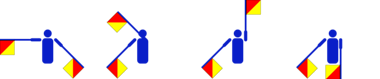 Interpretation von Sika als Winker-Code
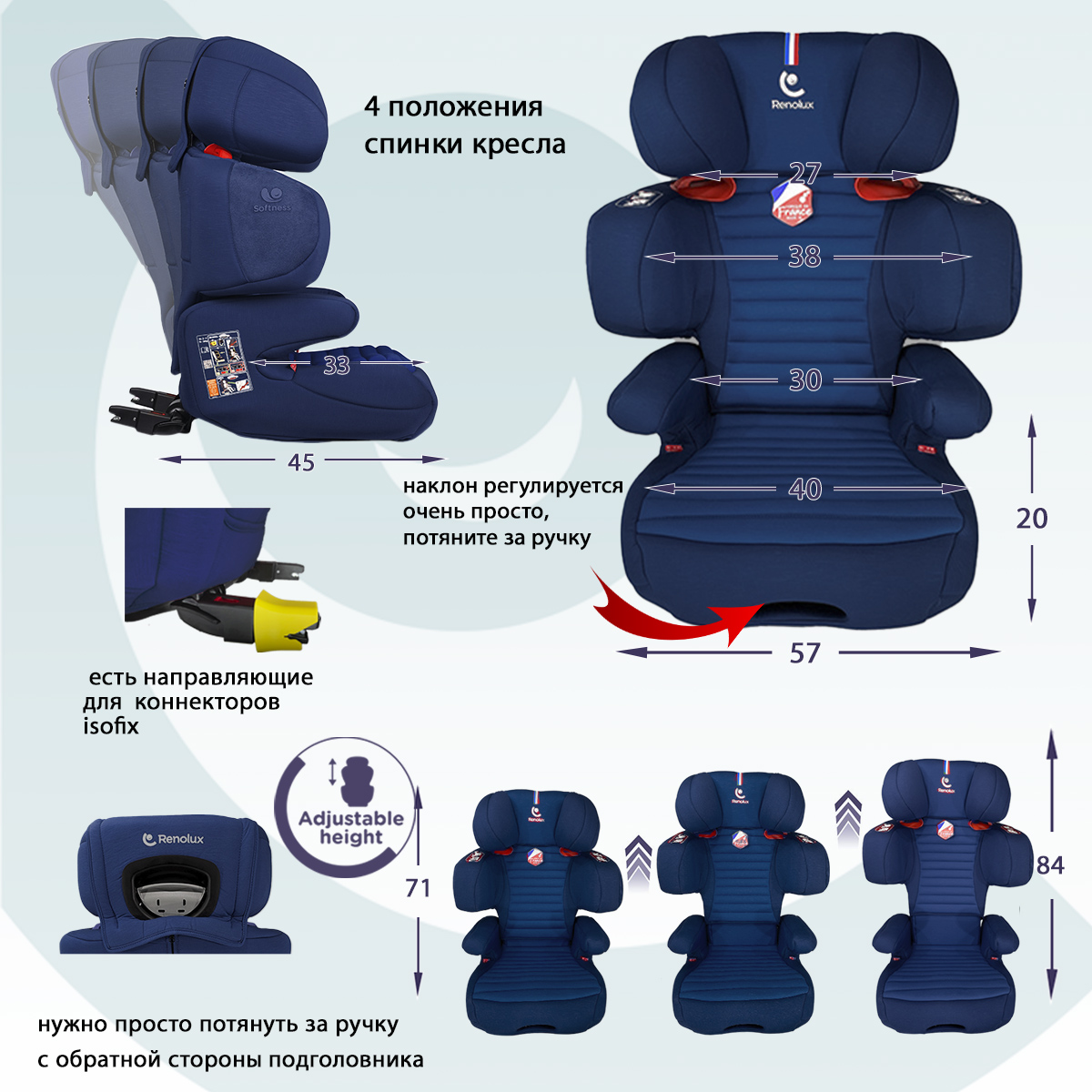 Автокресло Renolux Renofix ocean Isofix 2/3 (15-36 кг) - фото 4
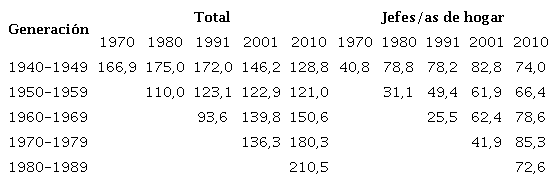 Migrantes (total y jefes/as de hogar) por generación según censo (absolutos en miles). Gran Buenos Aires, 1970-2010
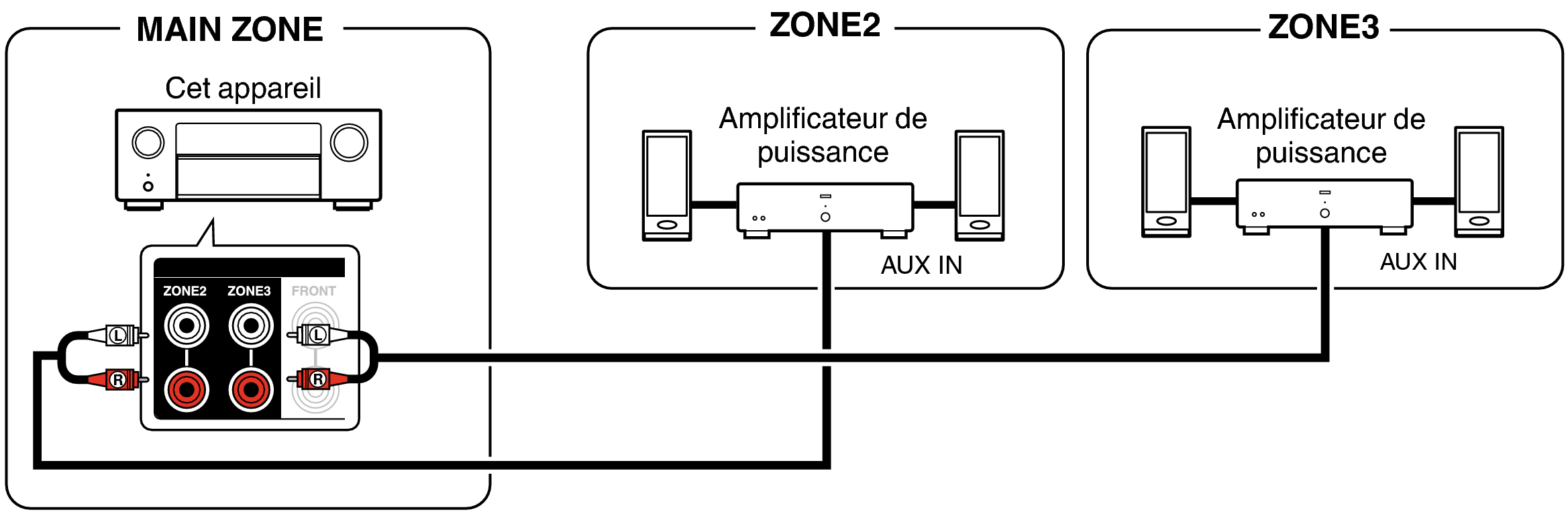 Pict ZONE Audio6 X68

━━━━━━

▶ _Prompt_
What you return must match the material above exactly, apart from its pictures.

▶ _Written response_
 Interpretation von Sika als Winker-Code
 Автокресло Renolux Renofix ocean Isofix 2/3 (15-36 кг) - фото 4
 Migrantes (total y jefes/as de hogar) por generación según censo (absolutos en miles). Gran Buenos Aires, 1970-2010
 Pict ZONE Audio6 X68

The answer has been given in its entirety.